In the process of looking what sold how much and conjecturing the whys and wherefores of those sales, Marc-Oliver Frisch assembles a list of everything DC and its imprints published that month. In this case, March of this year.
I realize these numbers are extremely fluid, and will change in the coming months. DC is missing a few of its regular solo books at the moment (Robin, Nightwing, Batman, The Flash) and at least one failed to ship (Green Lantern, The Spirit). They just added a new solo book (Power Girl), and have plans to launch several more this summer (Red Robin, Batgirl), but let’s just go with what we have at the moment, shall we?
First, let’s narrow the focus to the DC Comics line, so we won’t be counting books published on the WildStorm, Vertigo or CMX imprints, nor any of the informal imprints like Johnny DC. And let’s not count The Mighty either, as it’s creator-owned, despite being published as a DC book.
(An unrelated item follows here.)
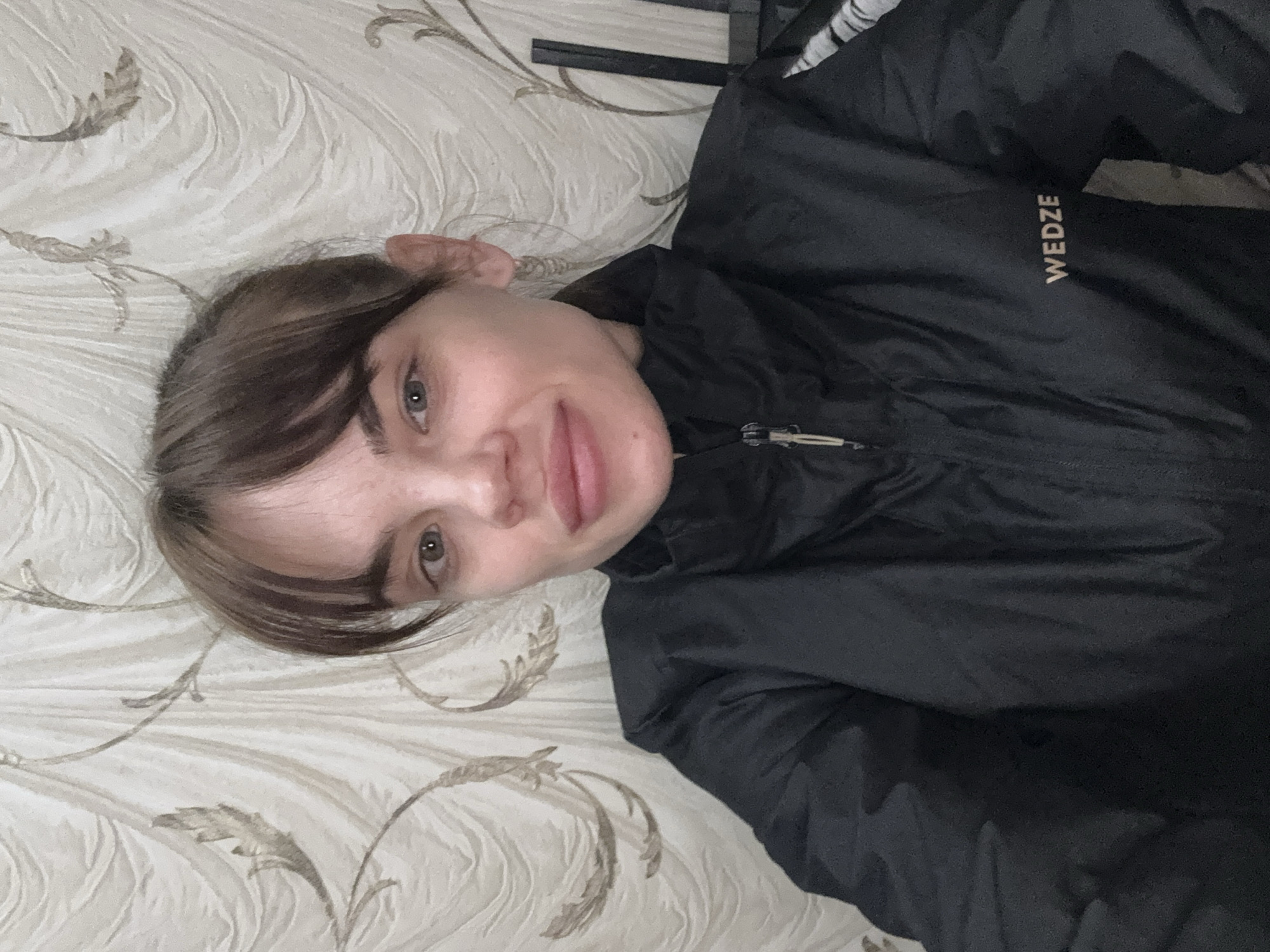 A woman with short brown hair and fair skin is lying on a patterned surface, possibly a bed or couch, in a selfie-style photograph. She is wearing a black jacket with the brand name "WEDZE" visible on the right side. The background features a floral patterned texture. Location is not apparent from the image.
With those (arbitrary) parameters established then, it looks like DC Comics published 30 DC comics in March of this year.
Of those, 15 were solo titles, seven were team books, two were team-up books and eight were either event books involving large, ensemble casts revolving around a particular plot rather than a particular character or group of characters.
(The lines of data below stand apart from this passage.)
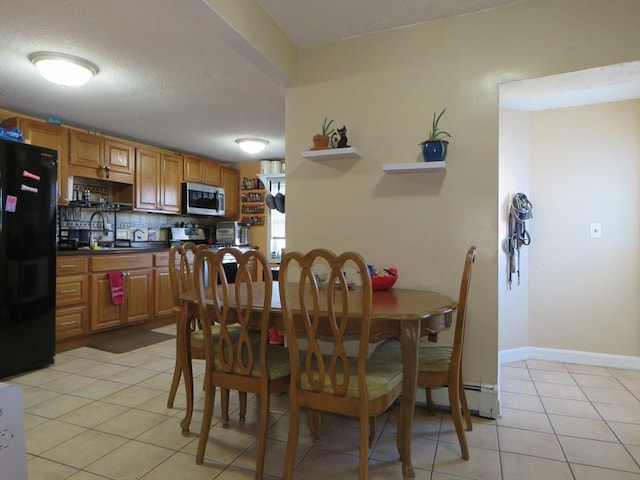 tiled dining room featuring sink and a textured ceiling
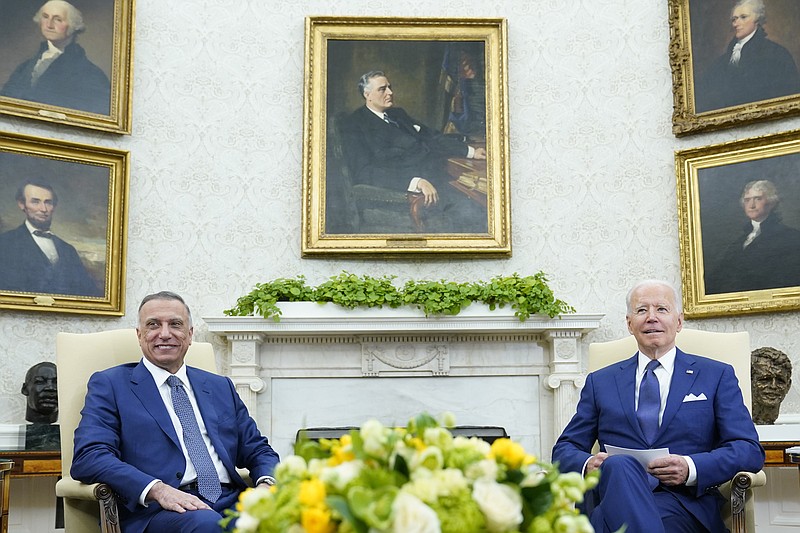 President Joe Biden, right, meets with Iraqi Prime Minister Mustafa al-Kadhimi, left, in the Oval Office of the White House in Washington, Monday, July 26, 2021. (AP Photo/Susan Walsh)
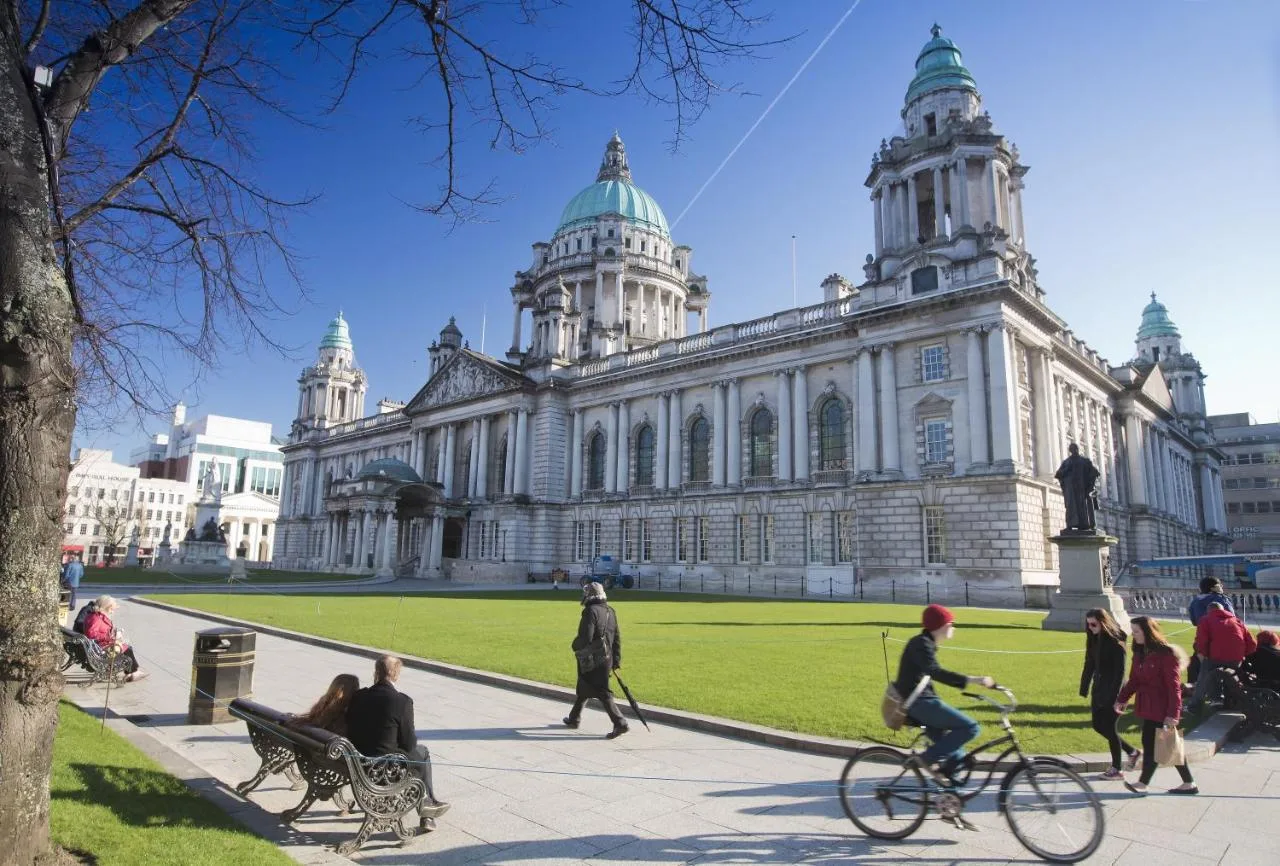 a group of people walking and riding bikes in front of a building at Leonardo Hotel Belfast in Belfast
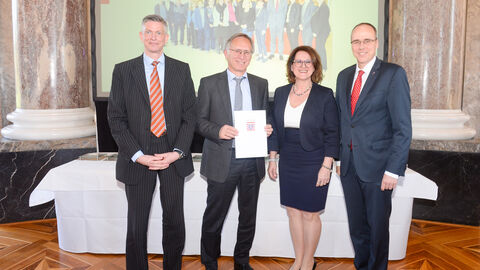 Hessisches Ministerium des Innern und für Sport Hessisches Ministerium des Innern und für Sport - Familienfreundlicher Arbeitgeber Land Hessen Verleihung 2019 - vier Personen halten lächelnd eine Urkunde in die Kamera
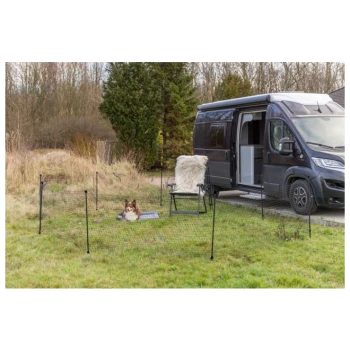 Ein Hund ruht auf einer Decke innerhalb eines tragbaren Haustierzauns, mit einem schwarzen Wohnmobil, das in der Nähe auf einem Grasbereich geparkt ist.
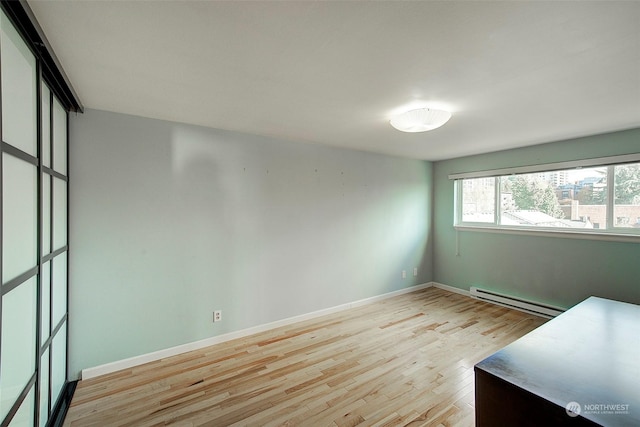 empty room with light hardwood / wood-style flooring and baseboard heating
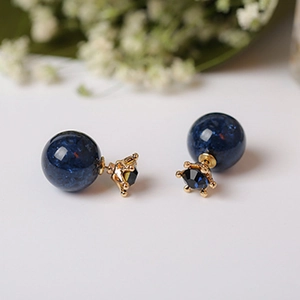 Detalle de pendientes esféricos azules con textura de mármol y base de corona dorada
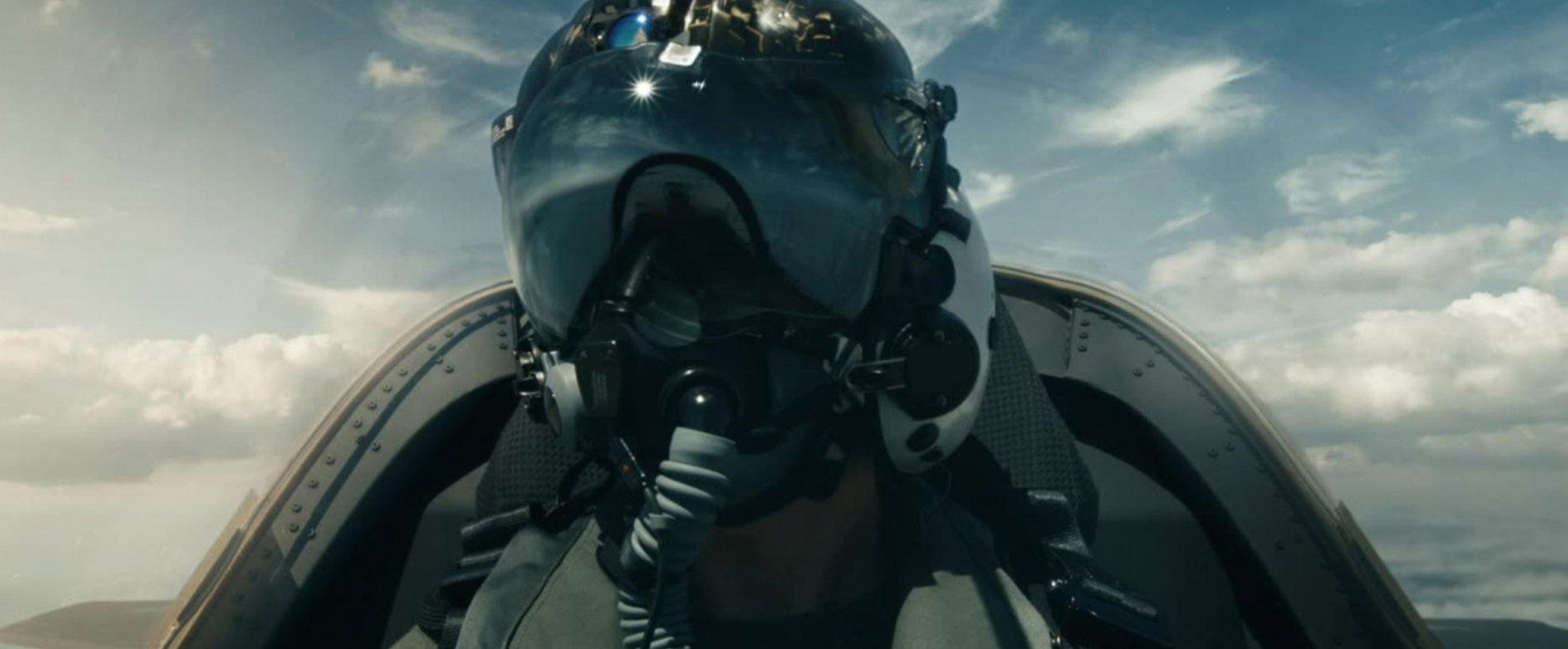 A US military pilot sits in the cockpit of a jet with a helmet on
The characters carrying their own books in March consisted of Batman, Superman, Supergirl, Wonder Woman, Booster Gold, Oracle, Solomon Grundy, Jonah Hex, The Vigilante, Simon Dark and Black Lightning. Batman and Superman each had multiple titles, of course. The Bat-event Battle For the Cowl aside (we’ll get to that below), Batman was featured in Batman Confidential, Batman: Cacophony and Batman: Gotham After Midnight, while Superman had Superman, Action Comics and Superman: World of New Krypton. (If you ever wonder how Big Two super-comics are doing with books starring characters other than straight white men, it looks like three female characters starring in their own books, and Black Lighting was the only hero of color with his own book…although I don’t know what Simon Dark looks like under his mask).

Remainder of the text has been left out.